Jessie started to speak but Eliza held out her free hand. She wasn’t done.
“I was thinking while you were downstairs. And it occurred to me that if you were killed with a knife and I was badly injured as well, the whole path of the investigation might change. I could tell the police that it was a masked assailant. Then all the talk of the killer being someone she knew would go away. They’d start looking at local break-ins and random violent crimes in the area. It could actually be a lifesaver; my life, of course.”
“But here’s the problem with that,” Jessie said carefully, trying to keep things conversational so Eliza’s grip on the big knife under the towel didn’t get any firmer. “It won’t work.”
“How can you be sure?” Eliza demanded.
“You’re not thinking clearly. I understand—you’re in a desperate situation and you’re looking for any way out. But, Eliza, these detectives are smart. They’re not going to just accept the theory that it was a random attack. They’ll look at the angles of the knife wounds in me. They’ll be able to tell that yours were self-inflicted. Detective Hernandez will figure out that I discovered something in this house that set you off. He knows me.”
“He certainly seems as if he’d like to get to know you better,” Eliza said, her tone barbed.
“Let’s keep the focus on your future, Eliza,” Jessie said firmly. “Because you can still have one.”
“How do you figure? I slaughtered my best friend.” Her voice cracked as she said it.
“In a fit of passion,” Jessie reminded her. “Then you tried to cover it up after the fact. That’s all true. But that doesn’t have to be the end of the story. If you go to trial, your attorney could likely make a compelling case for temporary insanity. Your best friend of twenty-five years was having an affair with your husband. You snapped. Anyone could understand that.
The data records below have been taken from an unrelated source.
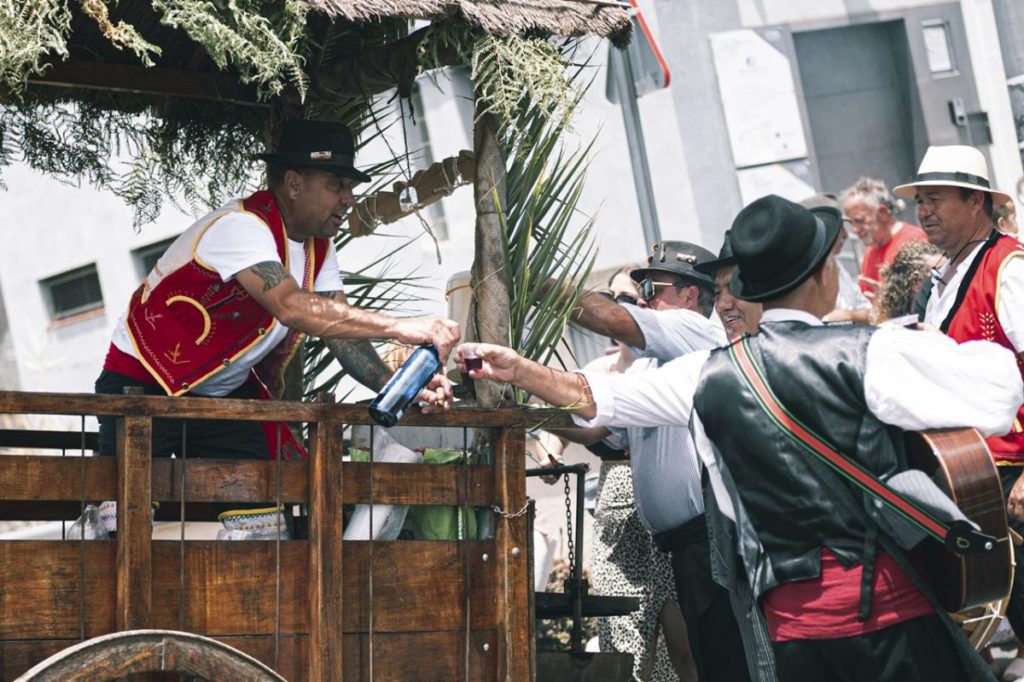La Laguna saca de nuevo el traje de mago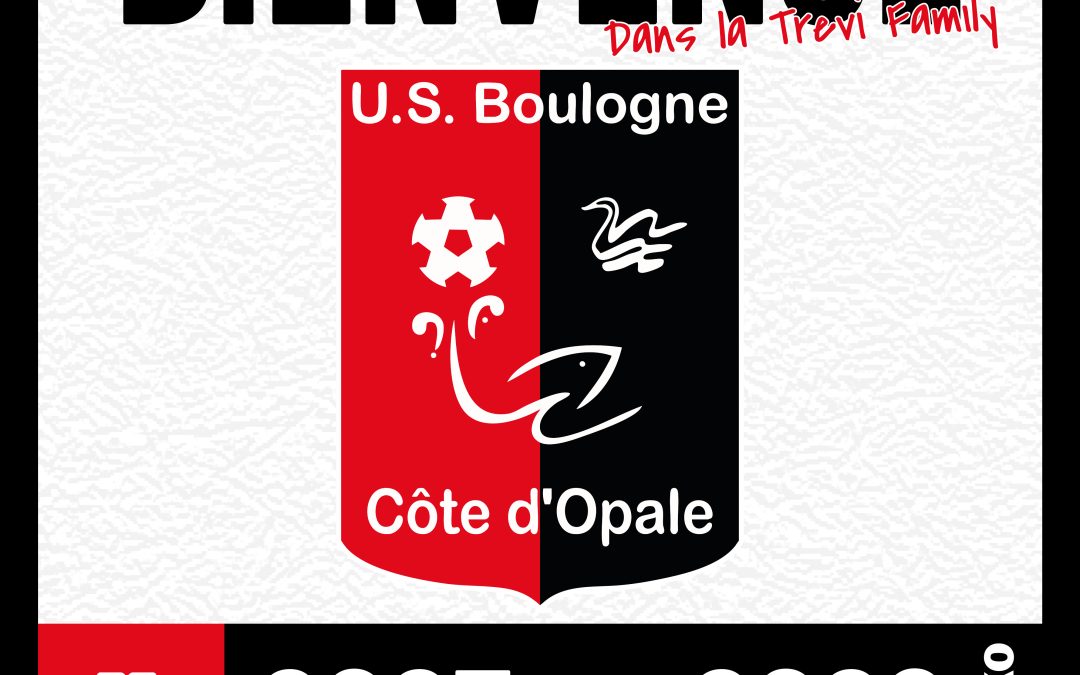 L’USBCO REJOINT LA #TREVIFAMILY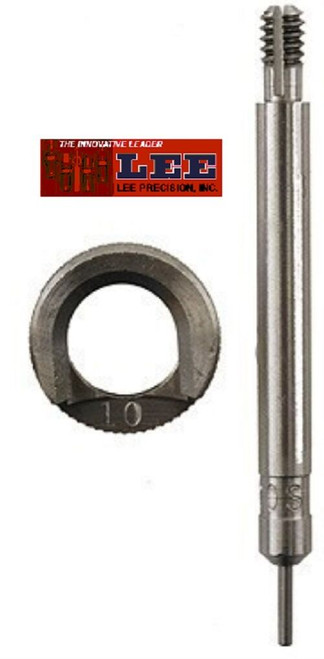 Lee Case Length Gage and Shellholder 8 x 57mm Mauser / 8mm Mauser # 90148 New Lee Case Length Gage and Shellholder 8 x 57mm Mauser / 8mm Mauser # 90148 New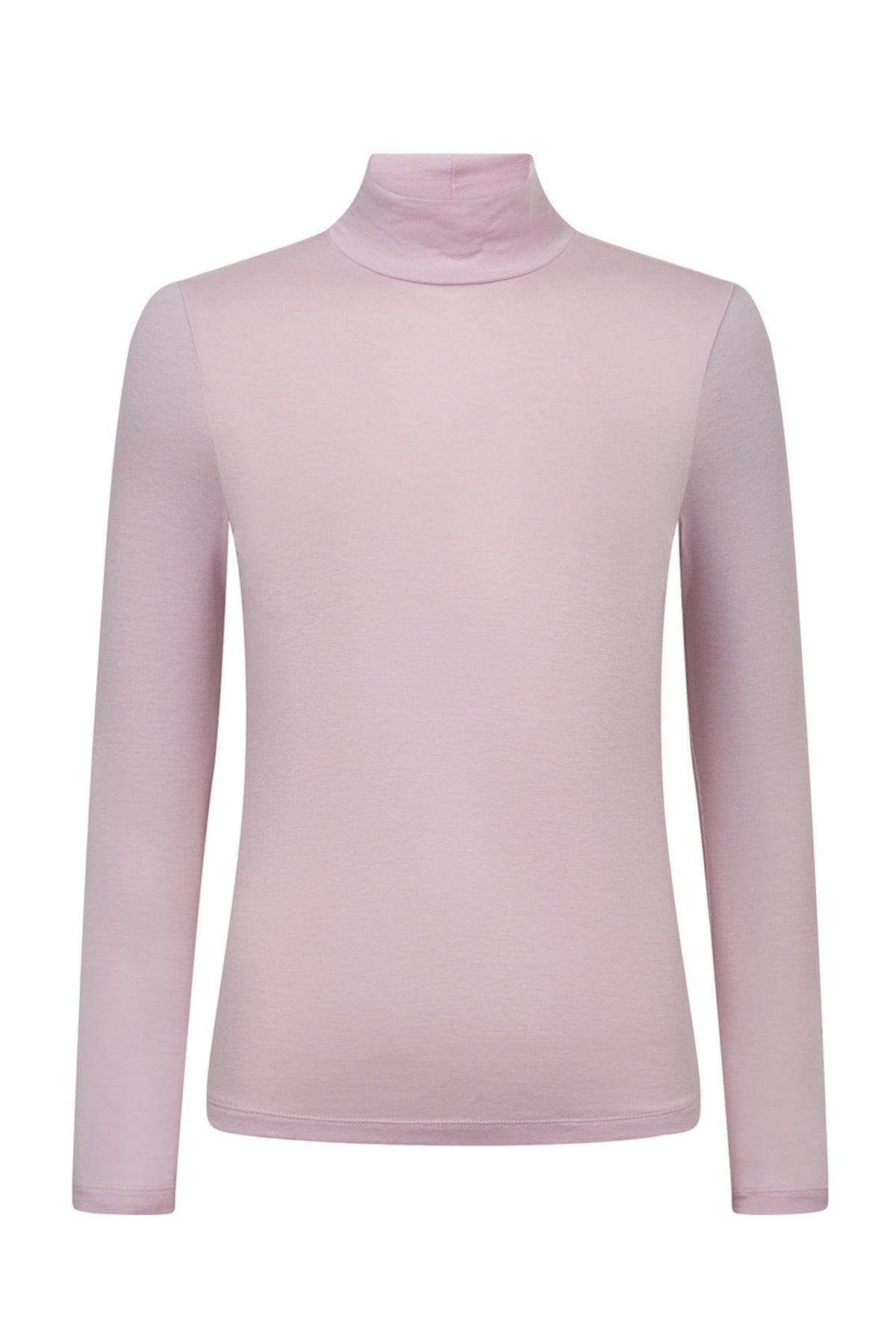 Lux Turtle Ls Tee Iced Rose - HL10851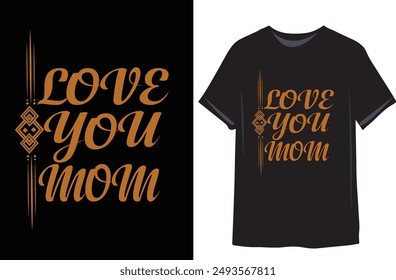 Best Mom Ever T-shirt, Mama Wavy New Mom Gift, Mothers Day T-shirt, Retro Quotes, Retro Mom Shirt, Mom Birthday Gift, Cut File For Cricut And Silhouette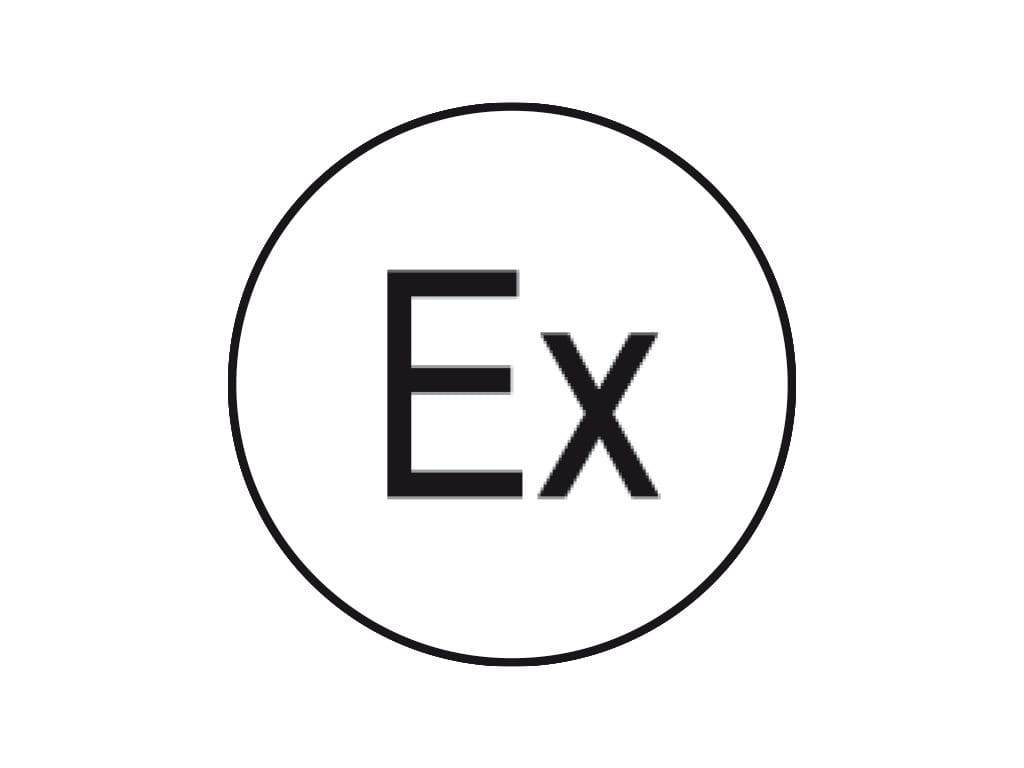 CEMBRE SPA - CEM703801 ETICH.APP.CS-EX-SICUREZZA AUMENTATA- 16M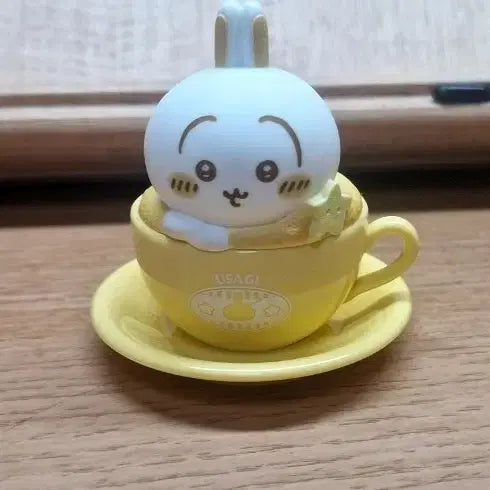 [BUNJANG] Cheekawa Usagi Latte Art Figure / 치이카와 라떼아트 우사기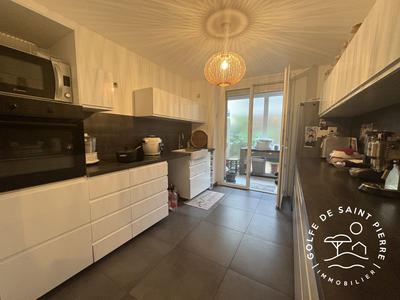 Appartement - 61 m² - 2 pièces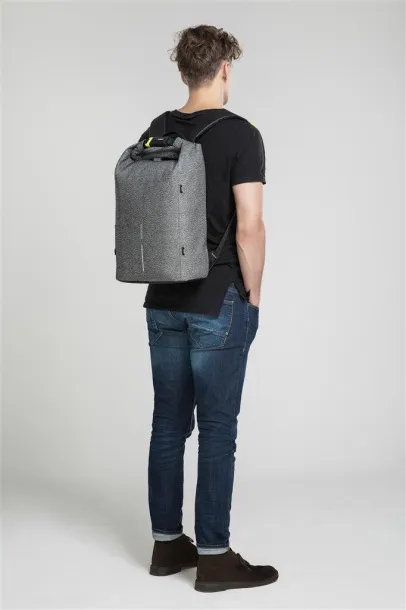  Urban, ruksak sa zaštitom protiv krađe, 15,6" - XD Design Siva Crna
I guarantee you I could. I wanted to wring my husband’s neck. And had he not already murdered his mistress, I might have. You could get off.”
“I think we both know that’s unlikely,” Eliza said, though her voice suggested she wasn’t totally convinced.
“Maybe, maybe not,” Jessie said, keeping the pressure on. “You never know with juries. Even if they convict you, it might be on a lesser charge. That’s not unusual with crimes of passion. The prosecutor might not even want to go to trial because you’re a sympathetic defendant. They might worry about jury nullification and offer a plea. There’s a reasonable chance that you could get out in a few years and still be around to watch your children grow up.”
“But…” Eliza said, sensing there was a “but.”
“But not if you pick up the knife you’re hiding under that towel. Then you’re attempting to commit a second murder. And whether you succeed or not, you’ll be caught. And no one will buy the ‘wronged wife’ defense anymore. You’ll just be someone who went after a member of law enforcement to cover your ass—no mitigating circumstances. They’ll throw the book at you.”
She sensed Eliza turning it over in her head and continued, wanting to keep the momentum going.
“If you’re successful in killing me, and you won’t be,” she said with a confidence she didn’t feel, “you’ll go to jail for decades. Gray, the man who betrayed you, will raise your children and they will have their own babies before you ever get out. And if you did actually kill a criminal profiler for the Los Angeles Police Department, you’d probably be looking at the death penalty, even in California. If I were you, I’d pick door number one, step away from the knife, turn around, and get on your knees. It’s the only way to see your family again soon from anywhere but behind glass.”